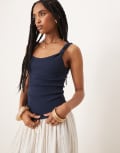[ASOS DESIGN] ASOS DESIGN singlet with knot strap detail in navy-Black L NAVY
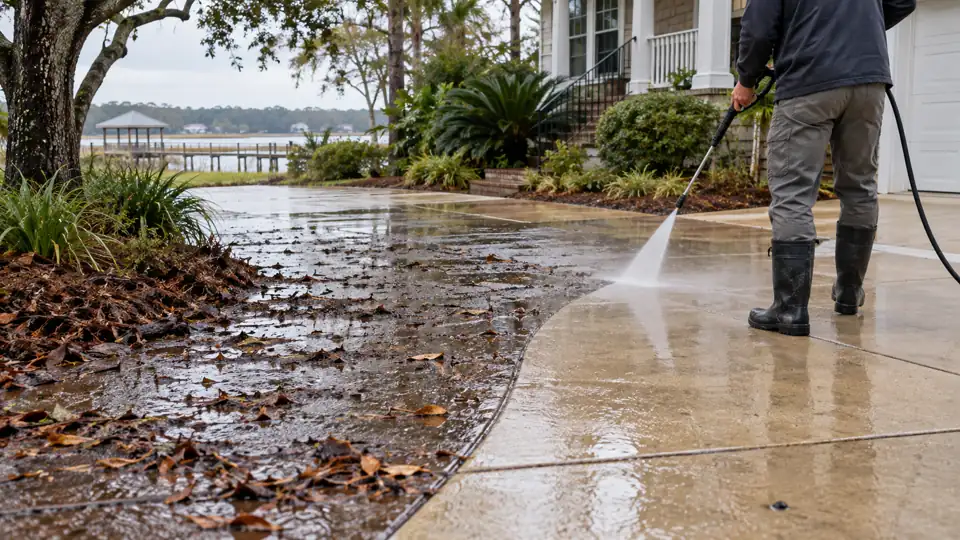 Technician washing storm mud and leaf residue from a residential driveway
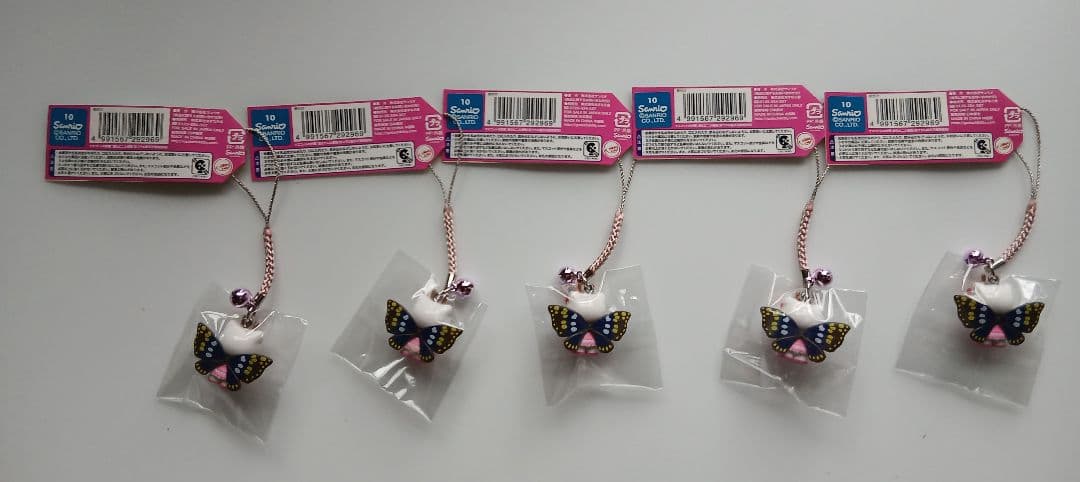 ハローキティ ご当地根付 道の駅下妻限定 蝶 オオムラサキ シモンちゃん レア！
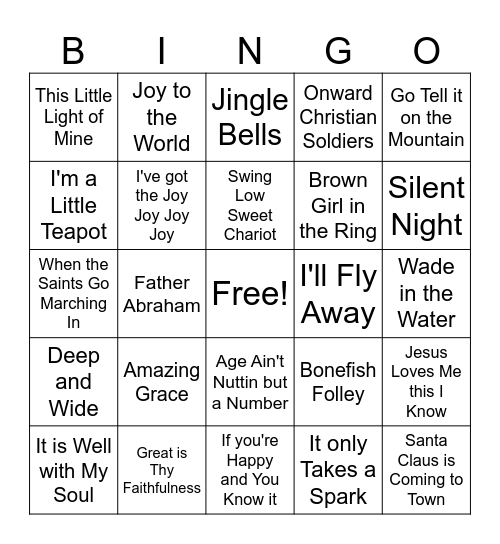 Guess That Song Bingo Card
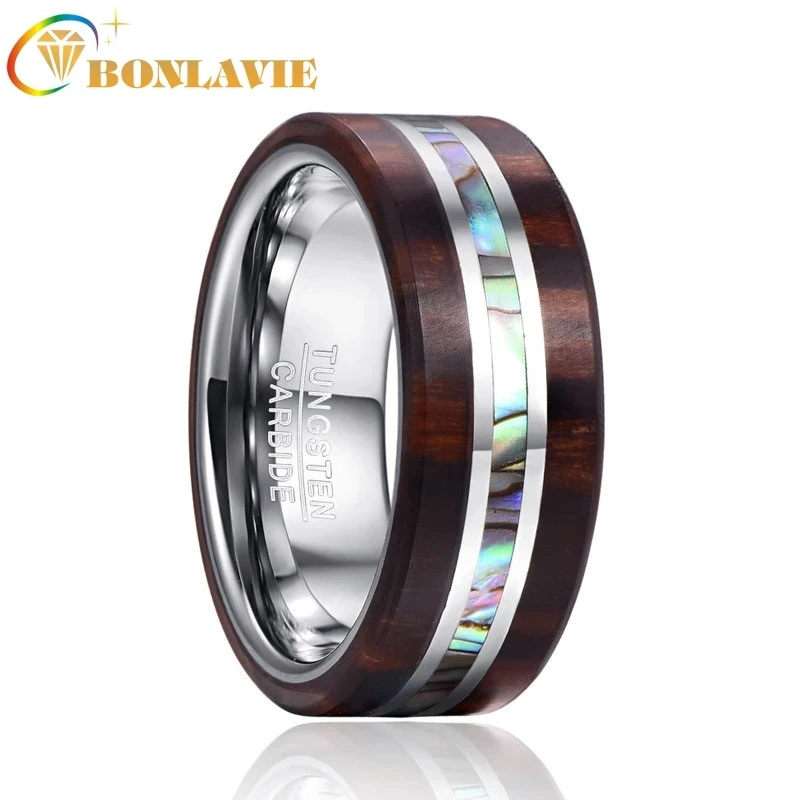 BONLAVIE Men\'s Engrave Name Rings 8MM Ebony Wood Grain Natural Abalone Shell Tungsten Steel Ring Wedding Band Boyfriend\'s Gift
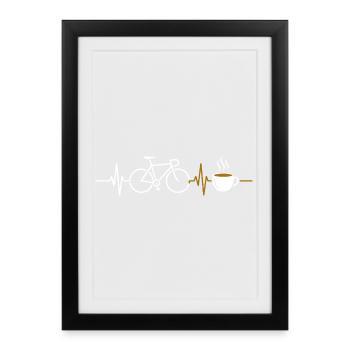 Cyclisme Heartbeat Vélo de route Gravel Bike Coffee - Affiche encadrée (27 × 37 cm) - noir - Devant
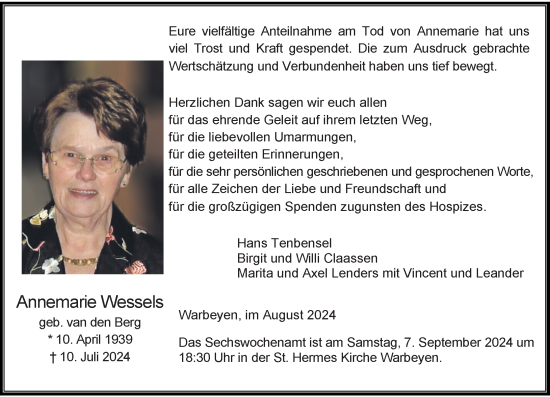 Traueranzeige von Annemarie Wessels von Rheinische Post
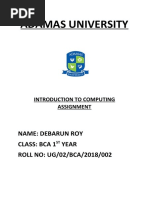 Adamas University: Name: Debarun Roy Class: Bca 1 Year ROLL NO: UG/02/BCA/2018/002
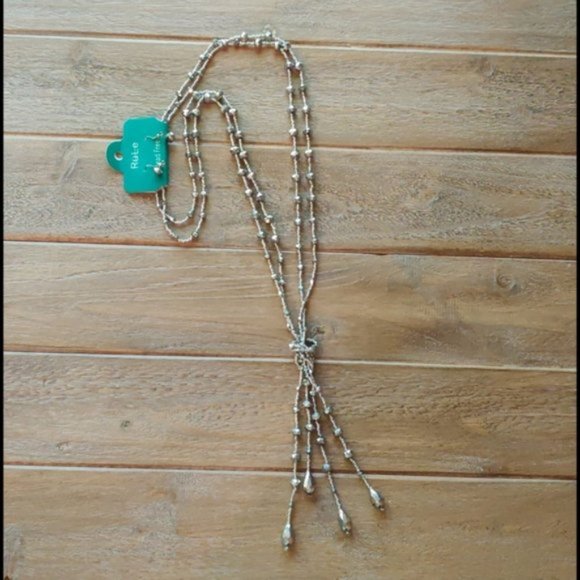 Silver Glass Bead Necklace/Earrings Set - Picture 2 of 7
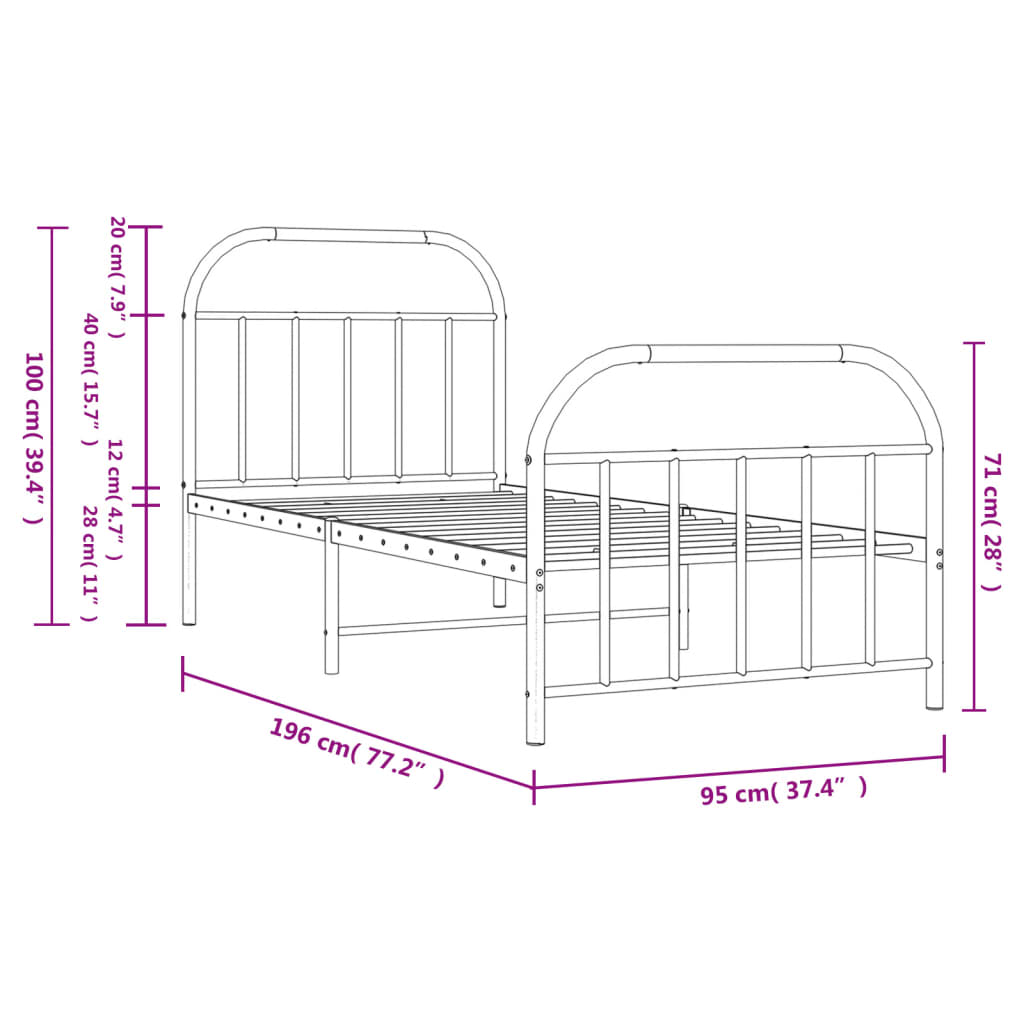 Bedframe met hoofd- en voeteneinde metaal wit 90x190 cm is nu te koop bij PeponiXL, paradijselijk wonen!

-------------------------

## WHAT IS EXPECTED
Reproduce the lines of the data that run from the one containing "ハローキティ ご当地根付 道の駅下妻限定 蝶 オオムラサキ シモンちゃん レア！" to the final line, both included, exactly as they appear and without the pictures.

## WRITTEN RESPONSE
 ハローキティ ご当地根付 道の駅下妻限定 蝶 オオムラサキ シモンちゃん レア！
 Guess That Song Bingo Card
 BONLAVIE Men\'s Engrave Name Rings 8MM Ebony Wood Grain Natural Abalone Shell Tungsten Steel Ring Wedding Band Boyfriend\'s Gift
 Cyclisme Heartbeat Vélo de route Gravel Bike Coffee - Affiche encadrée (27 × 37 cm) - noir - Devant
 Traueranzeige von Annemarie Wessels von Rheinische Post
 Adamas University: Name: Debarun Roy Class: Bca 1 Year ROLL NO: UG/02/BCA/2018/002
 Silver Glass Bead Necklace/Earrings Set - Picture 2 of 7
 Bedframe met hoofd- en voeteneinde metaal wit 90x190 cm is nu te koop bij PeponiXL, paradijselijk wonen!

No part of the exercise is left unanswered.